(Data extracted from a collection)
================
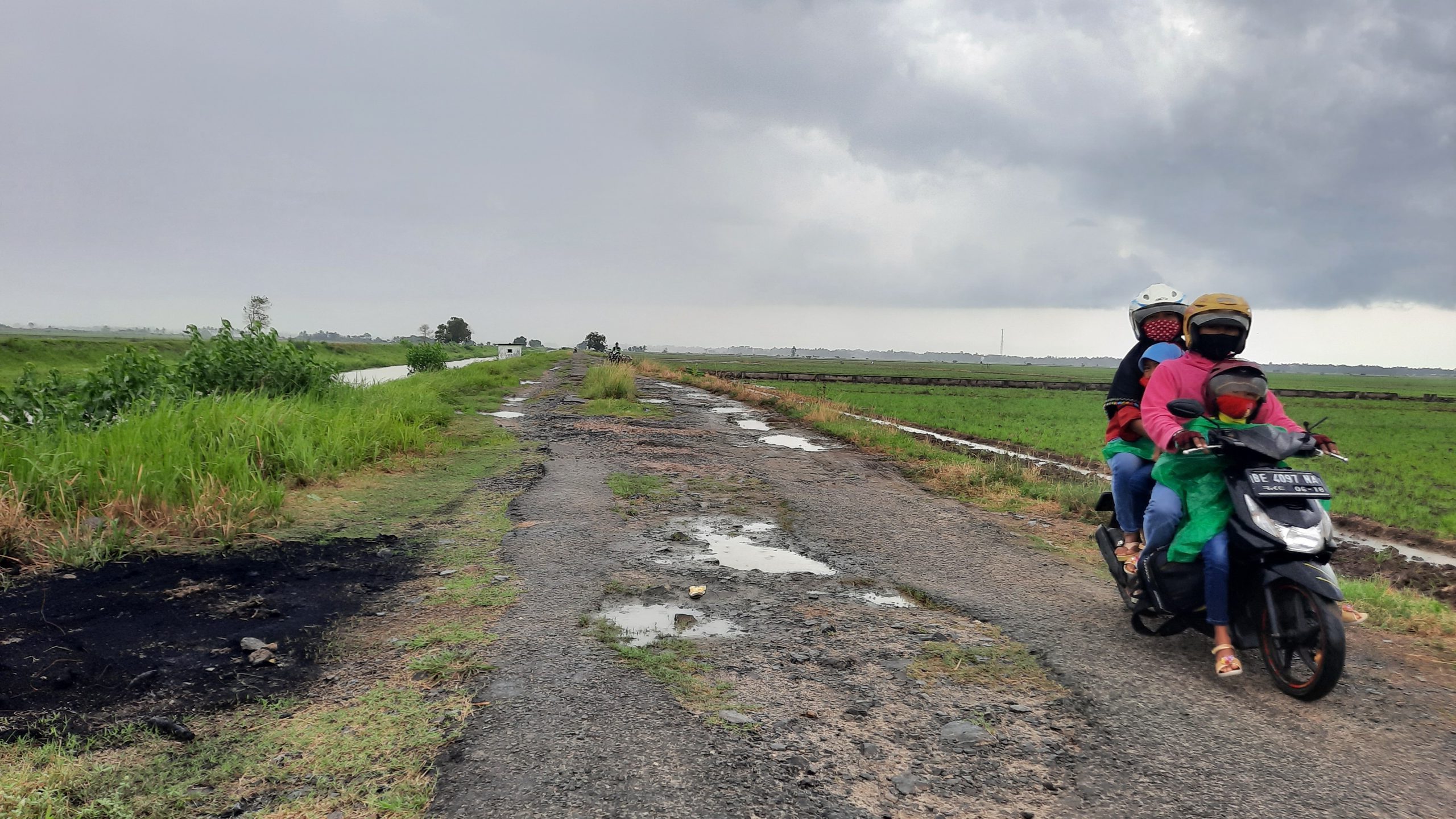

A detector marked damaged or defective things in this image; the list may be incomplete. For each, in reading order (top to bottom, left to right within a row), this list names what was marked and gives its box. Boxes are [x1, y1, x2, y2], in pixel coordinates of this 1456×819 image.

pothole [757, 434, 827, 452]
pothole [681, 519, 833, 571]
pothole [597, 600, 745, 644]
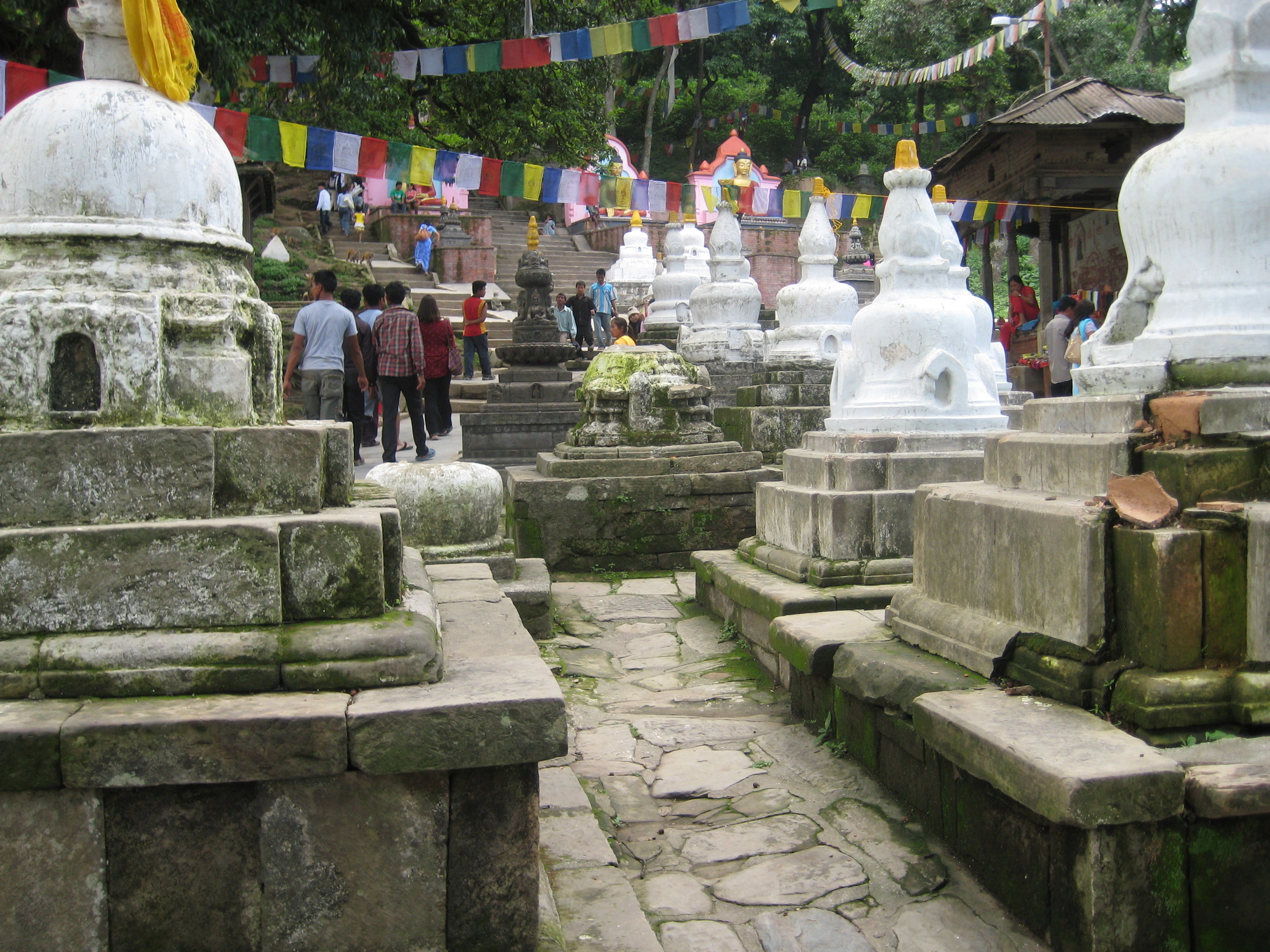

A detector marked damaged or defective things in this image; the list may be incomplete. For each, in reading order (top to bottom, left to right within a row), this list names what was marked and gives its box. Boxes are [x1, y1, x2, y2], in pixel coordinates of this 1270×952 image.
================
Without the pictures, reproduce every record exactly as it appears above.

A detector marked damaged or defective things in this image; the list may be incomplete. For each, in reading order (top to bottom, left to right within a row), this list names what was marked and gives its box. Boxes are [x1, y1, x2, y2], in pixel coordinates of this 1456×819 image.

pothole [757, 434, 827, 452]
pothole [681, 519, 833, 571]
pothole [597, 600, 745, 644]

A detector marked damaged or defective things in this image; the list may be incomplete. For each, in reading order (top to bottom, left to right within a row), this list names what was marked and gives its box. Boxes are [x1, y1, x2, y2], in pixel coordinates of this 1270×952 image.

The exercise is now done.